In dieser Nacht konnte er lange nicht einschlafen. Über die leere Büchse würde sich nicht nur seine Mutter zu Tode ärgern – ja, zu Tode, denn wäre sie nicht vorhanden, so hätte man eine von den Ängsten weniger –, der Inhalt ersparte auch eine Ausgabe von dem Taschengeld, das man selten erhielt.
Seine Freude wurde nur durch die Gedanken an Pauls Rückkehr getrübt. Ich sehe schon, sagte er sich gegen zwei Uhr morgens, ich werde wieder einmal eine schlaflose Nacht verbringen. Zum Überfluß fängt es noch an zu regnen.
In der Tat fing es an, in der Rinne zu wimmern, die hart neben dem Fenster Theodors angebracht war.
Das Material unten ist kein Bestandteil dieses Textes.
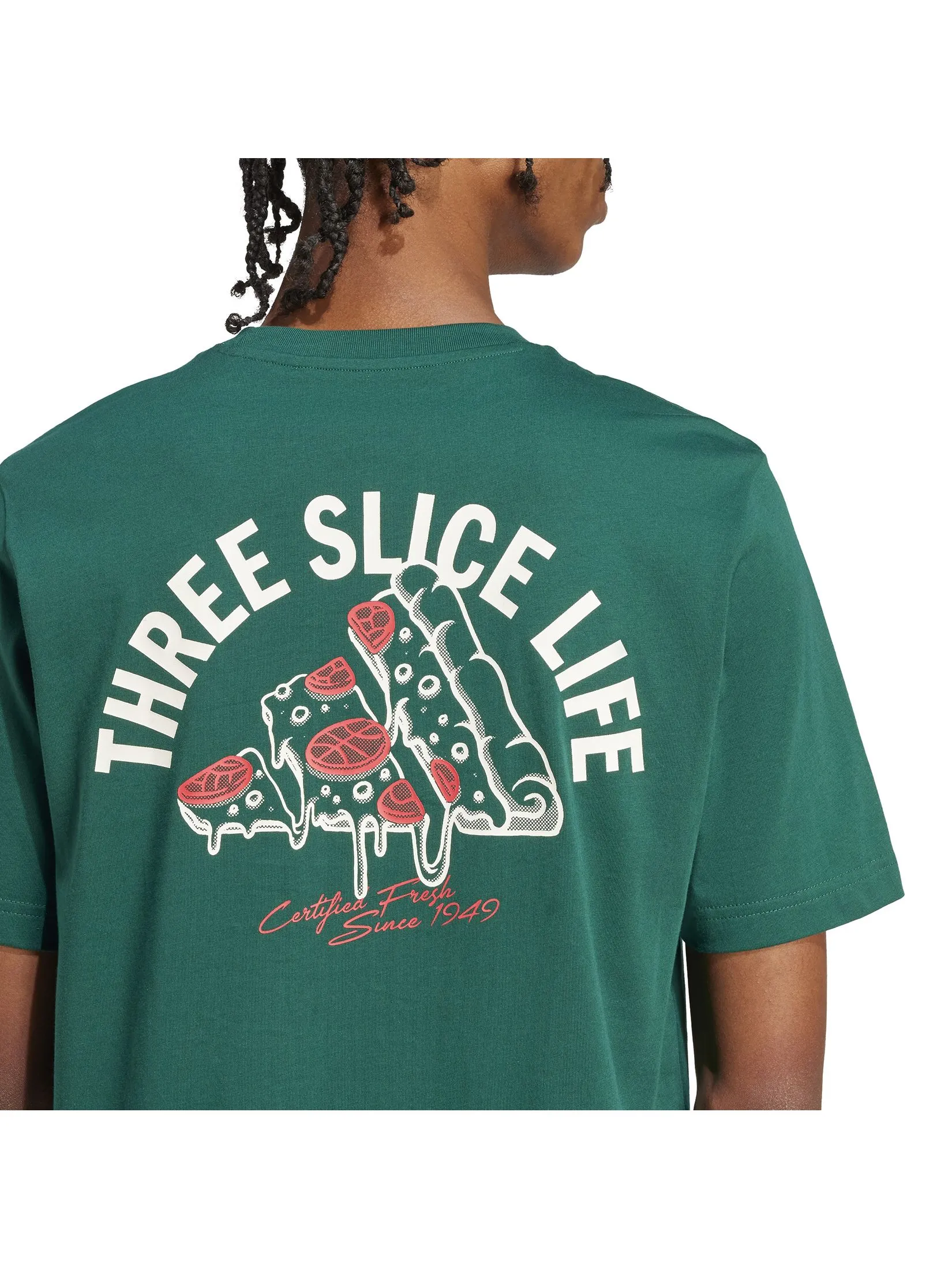 ADIDAS Men T-Shirt Lounge Pizza Graphic Collegiate Green ADIDAS Men T-Shirt Lounge Pizza Graphic Collegiate Green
Er entzündete die Lampe am Nachttisch, fand, daß sie wenig Licht gab, stand auf, um den großen Kontakt an der Wand anzuknipsen, legte zuerst die Brille an, denn er fühlte sich unsicher im Halbdunkel, und blieb, als es hell geworden war, im Vorübergehen vor dem Schrankspiegel stehn. Er sah nicht ohne Befriedigung, daß sein Pyjama einen guten Eindruck machte. Es hatte einen seidigen Schimmer, Borten dick und geflochten nach Art der Litewkas der Kavalleristen, seine Farbe war die eines abendlichen, opalenen Sommerhimmels. Theodor liebte Pyjamas, gute Wäsche, seidene Strümpfe. Er hielt es für ein Zeichen der Vornehmheit, in der Nacht tadellos gekleidet zu sein. Krawatten gut und flott zu binden machte ihm jeden Morgen ein Vergnügen. Und für die Aufnahme des schwarzhaarigen Landesgerichtssohnes war er nicht zuletzt deshalb eingetreten, weil der Junge auf Herrenmodezeitschriften abonniert war, die er Theodor manchmal lieh.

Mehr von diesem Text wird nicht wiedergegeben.